English pop starlet Cheryl Cole has been making a lot of stateside headlines lately — she’s been romantically linked to Dancing With the Stars pro Derek Hough, was selected as a judge (alongside music moguls Simon Cowell and Antonio “L.A.” Reid) on FOX’s upcoming American version of singing competition The X Factor, and has been slated to receive the Glee treatment due to creator Ryan Murphy’s obsession with her single, “Parachute.” But who is the beauty who has been called “Britain’s sweetheart”?

Cheryl Cole, born Cheryl Tweedy and affectionately christened “Chezza” by the British media, first rose to fame as a member of pop supergroup Girls Aloud, who were themselves formed on the reality series Popstars: The Rivals. But unlike their more forgettable reality-group counterparts, Girls Aloud captivated English audiences with their genre-busting, futuristic pop.
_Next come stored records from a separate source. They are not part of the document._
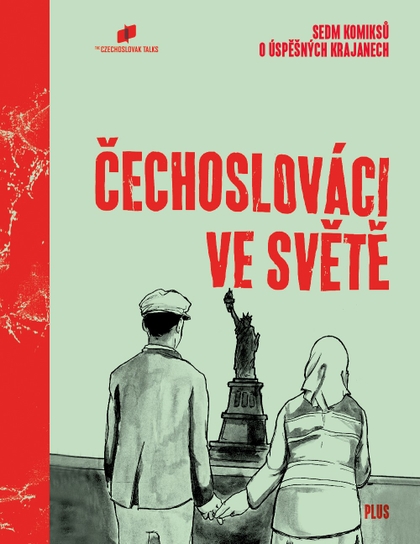Čechoslováci ve světě - Sedm komiksů o úspěšných krajanech
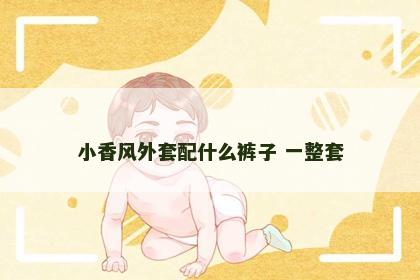 小香风外套配什么裤子 一整套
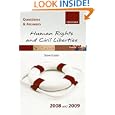 Q and A: Human Rights and Civil Liberties 2008 and 2009 (Blackstone's Law Q and a) by Steve Foster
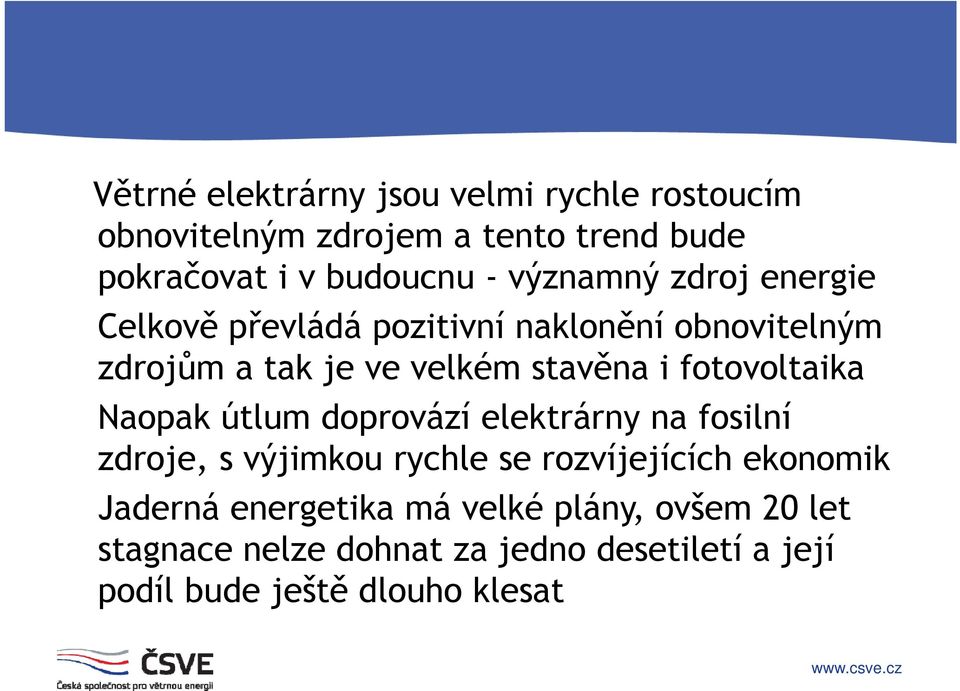 fotovoltaika Naopak útlum doprovází elektrárny na fosilní zdroje, s výjimkou rychle se rozvíjejících íjjííh ekonomik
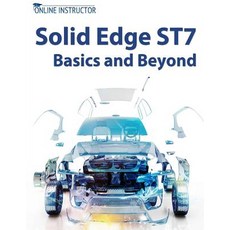 Solid Edge St7 Basics and Beyond Paperback, Createspace Independent Publishing Platform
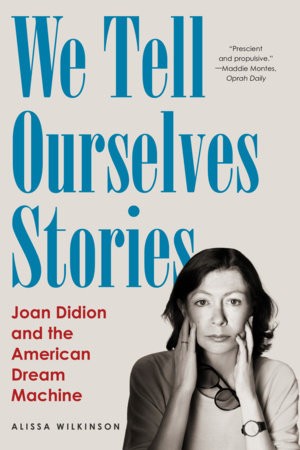We Tell Ourselves Stories by Alissa Wilkinson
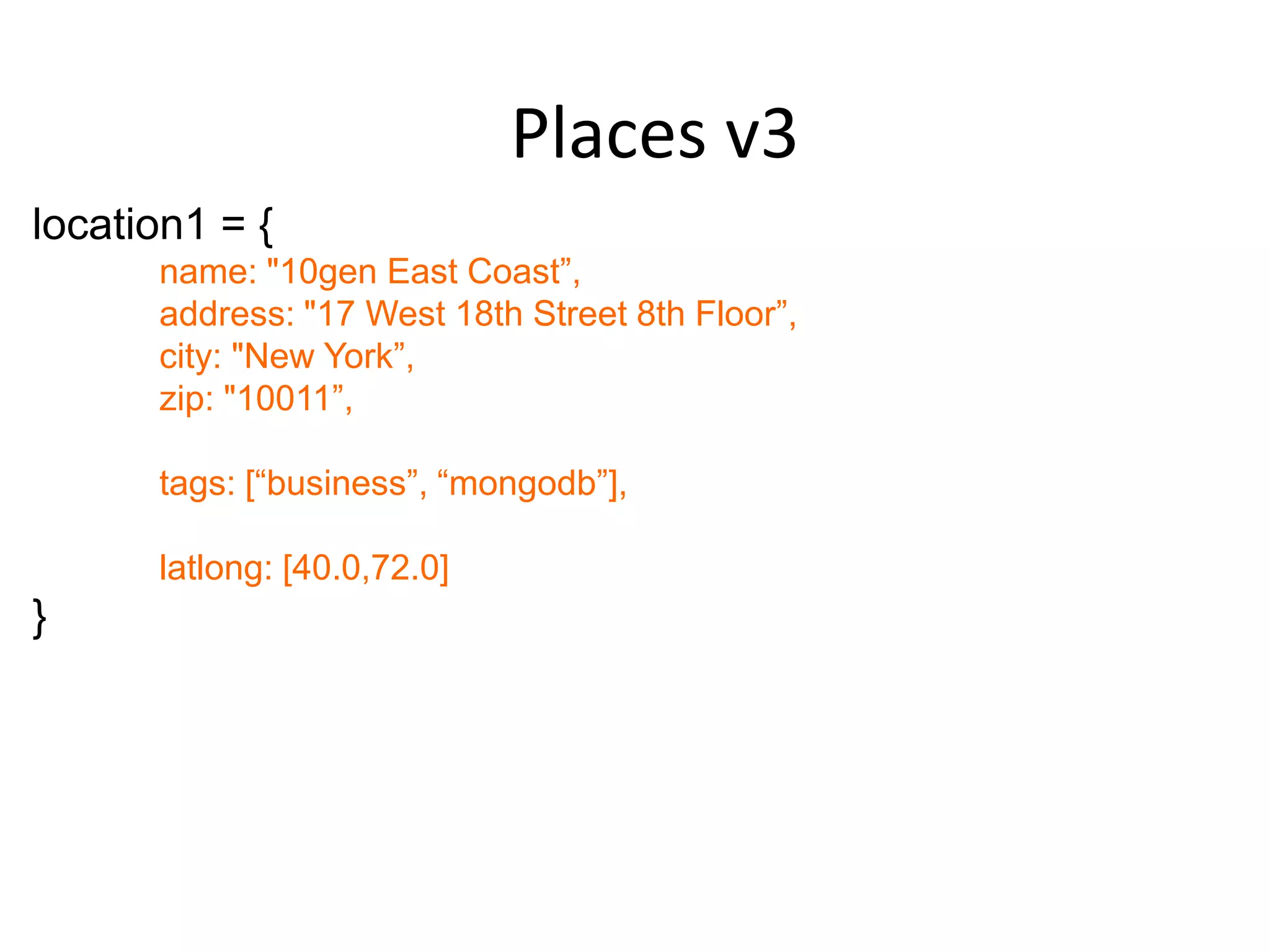 Places v3
location1 = {
      name: "10gen East Coast”,
      address: "17 West 18th Street 8th Floor”,
      city: "New York”,
      zip: "10011”,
Their debut single, “Sound of the Underground,” drew upon surf rock, drum & bass, and house music, and future singles like “No Good Advice”, “Biology,” and “Call the Shots” were equally well-received by critics and audiences alike. Acclaimed music journalist Peter Robinson wrote that “Call the Shots” was “the greatest song of the 21st century,” and their greatest hits compilation, The Sound of Girls Aloud, even received a rare 8.5 rating from American indie rock bible Pitchfork, who called their songs “patchwork assemblages of the best bits of a hundred fantasy pop songs, smoothly and effortlessly changing gears at a moment's notice.”

But Cheryl’s personal life was even more fascinating to the international press. In 2003, she made headlines following an altercation with a nightclub employee, at whom Cheryl allegedly yelled ethnic slurs. (Cheryl denied using racially abusive language; although she was eventually convicted of “assault occasioning actual bodily harm,” she was cleared of racially aggravated assault.) In 2006, she married English footballer Ashley Cole, and the couple quickly became tabloid staples.

But their public image was tarnished by rumors of infidelity that persisted over the next several years, culminating in 2010, when several women sold their stories to the press, alleging that they’d had extramarital affairs with Ashley Cole. In February 2010, Cheryl and Ashley announced that they were separating — for good.

Personally, things only continued to worsen for Cheryl, after she contracted a severe case of malaria during a trip to Africa and was hospitalized in the summer of 2010.

Meanwhile, Cheryl had been hard at work on her solo efforts after Girls Aloud went on hiatus in 2008. Her first studio album, 3 Words, released in late 2009, was produced by hitmakers like Black Eyed Peas's will.i.am, and included the #1 hit “Fight For This Love.” Cheryl’s sophomore effort, 2010’s Messy Little Raindrops, was equally successful, debuting at #1 on the UK charts and featuring the dance hit “Promise This,” which the tabloids suggested was about Derek Hough nursing Cheryl back to health following her bout with malaria. (Given that she didn’t write it, this was probably a stretch.)

Now, with Cheryl set to conquer this side of the pond, it’s likely that we’ll be hearing a lot more about Britain’s sweetheart, although concerns have already been raised about her thick Geordie accent. (“Geordie” is a nickname for natives of the Tyneside region of northeastern England; incidentally, the area plays host to MTV’s British Jersey Shore spinoff, Geordie Shore.) For now, it remains to be seen whether Cheryl will have the same success with American viewers that she’s had in the UK, capturing the country’s hearts and headlines.